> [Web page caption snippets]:
★ ★ ★ ★ ★
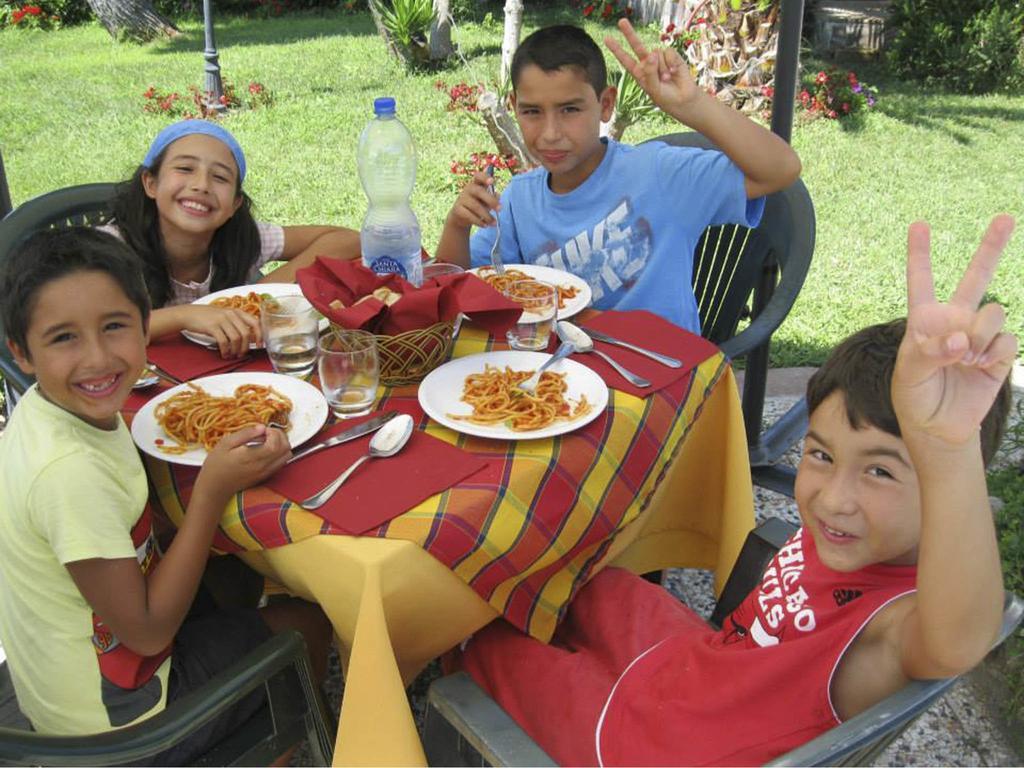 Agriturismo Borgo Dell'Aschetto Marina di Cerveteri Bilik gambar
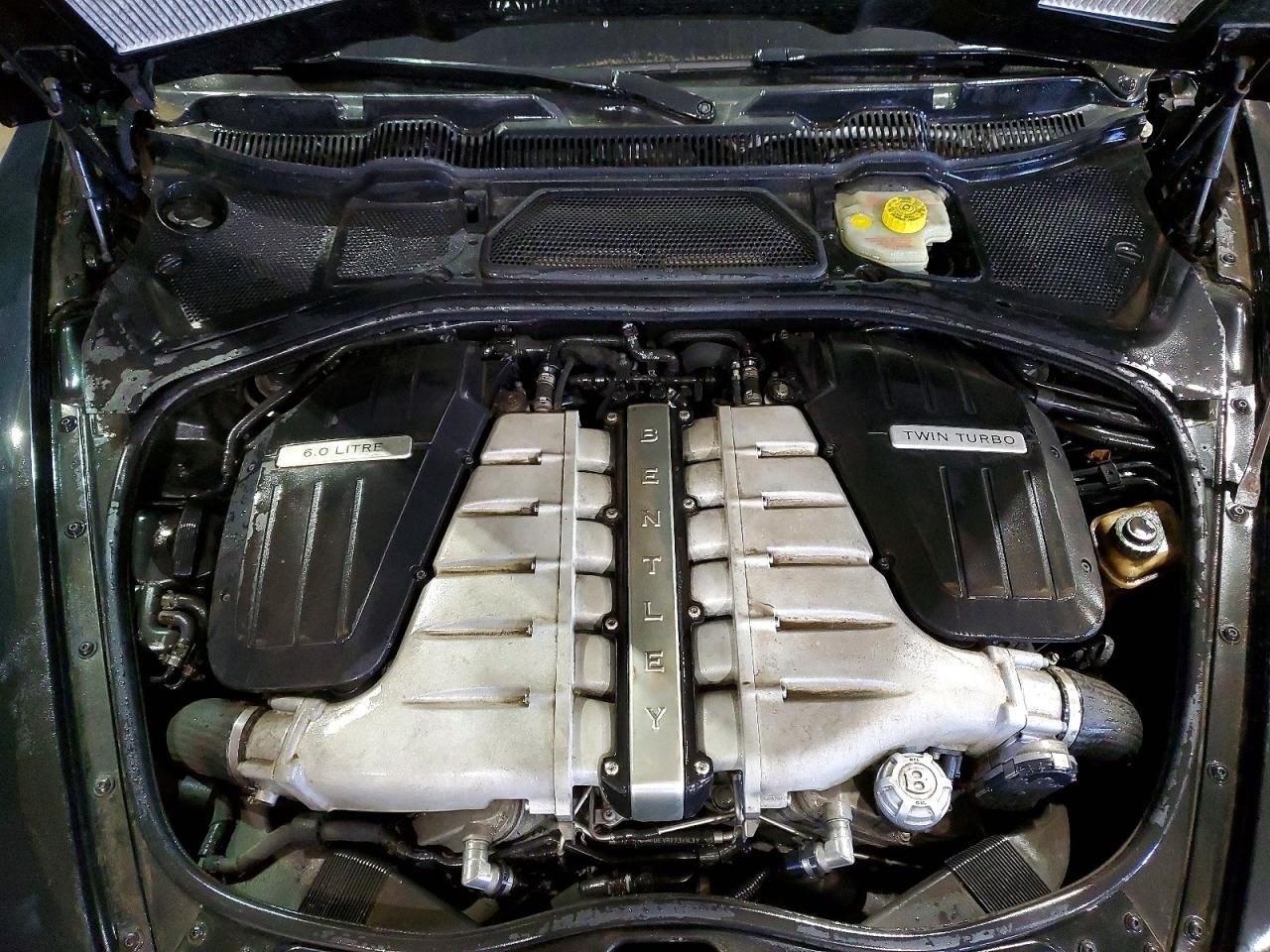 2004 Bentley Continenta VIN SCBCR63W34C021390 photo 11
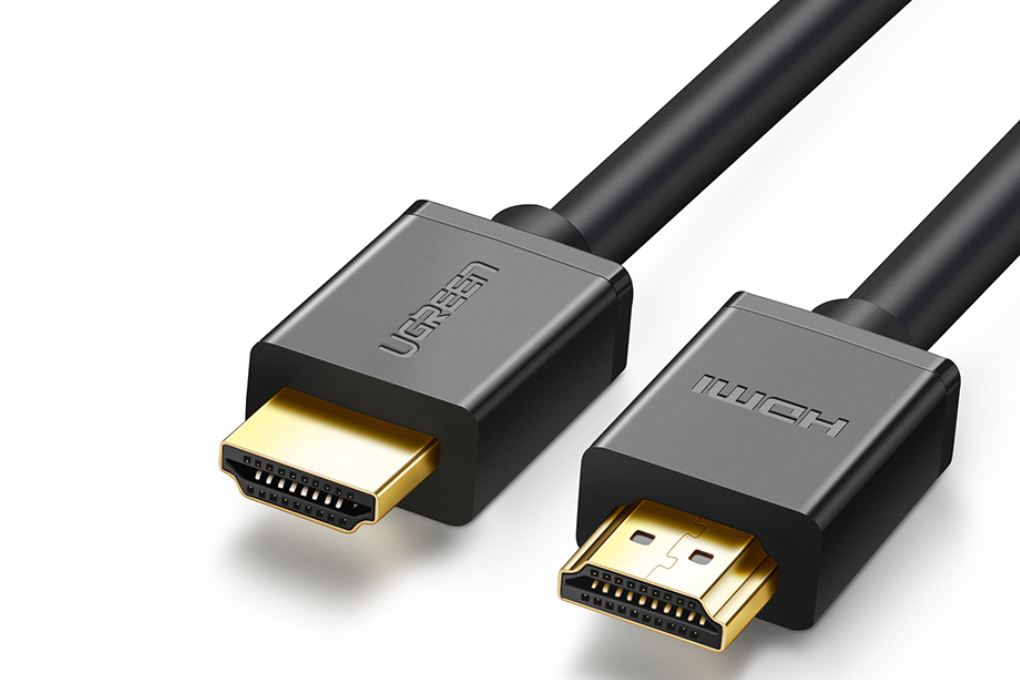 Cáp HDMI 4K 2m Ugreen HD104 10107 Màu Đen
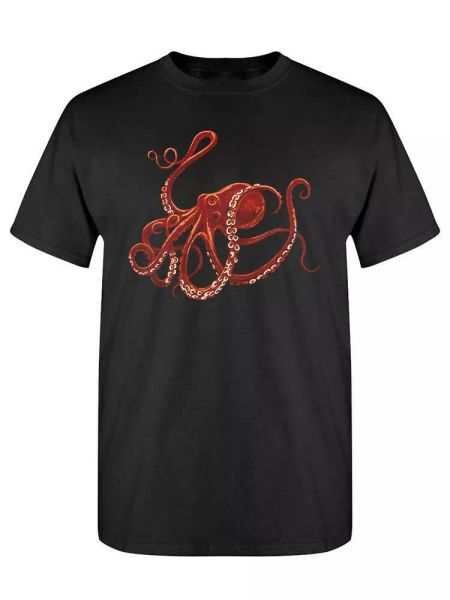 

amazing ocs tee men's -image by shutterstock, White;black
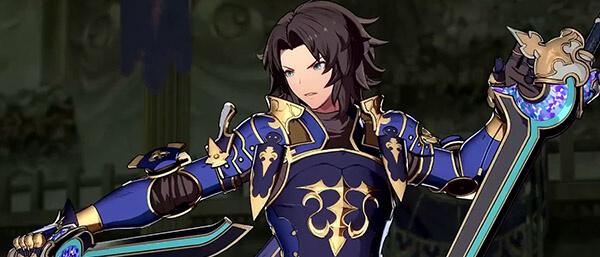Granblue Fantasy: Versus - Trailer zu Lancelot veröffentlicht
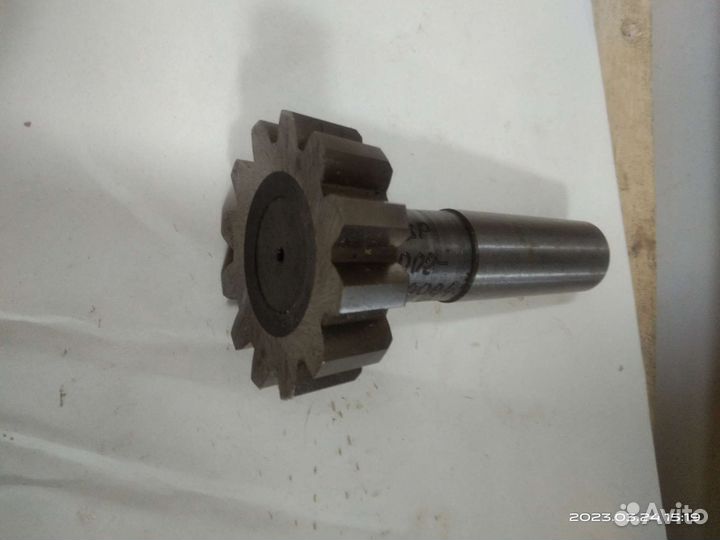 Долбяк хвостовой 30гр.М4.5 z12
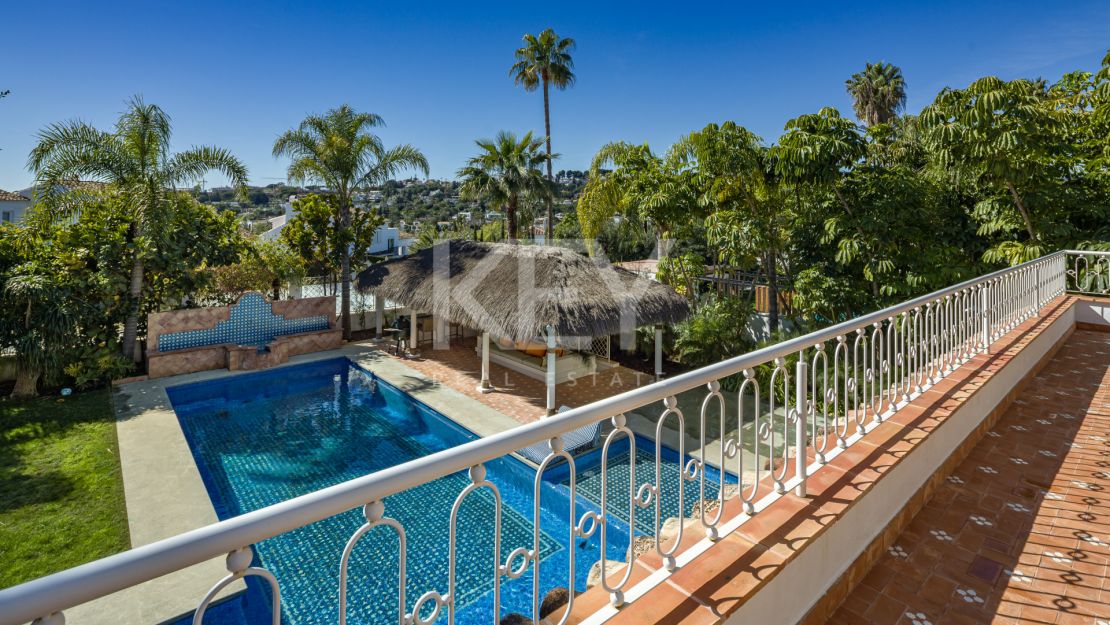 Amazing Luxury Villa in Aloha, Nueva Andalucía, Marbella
★ ★ ★ ★ ★
An exact copy of the records is required. Pictures do not belong in it.

> [WRITTEN ANSWER]:
 Agriturismo Borgo Dell'Aschetto Marina di Cerveteri Bilik gambar
 2004 Bentley Continenta VIN SCBCR63W34C021390 photo 11
 Cáp HDMI 4K 2m Ugreen HD104 10107 Màu Đen

amazing ocs tee men's -image by shutterstock, White;black
Granblue Fantasy: Versus - Trailer zu Lancelot veröffentlicht
 Долбяк хвостовой 30гр.М4.5 z12
 Amazing Luxury Villa in Aloha, Nueva Andalucía, Marbella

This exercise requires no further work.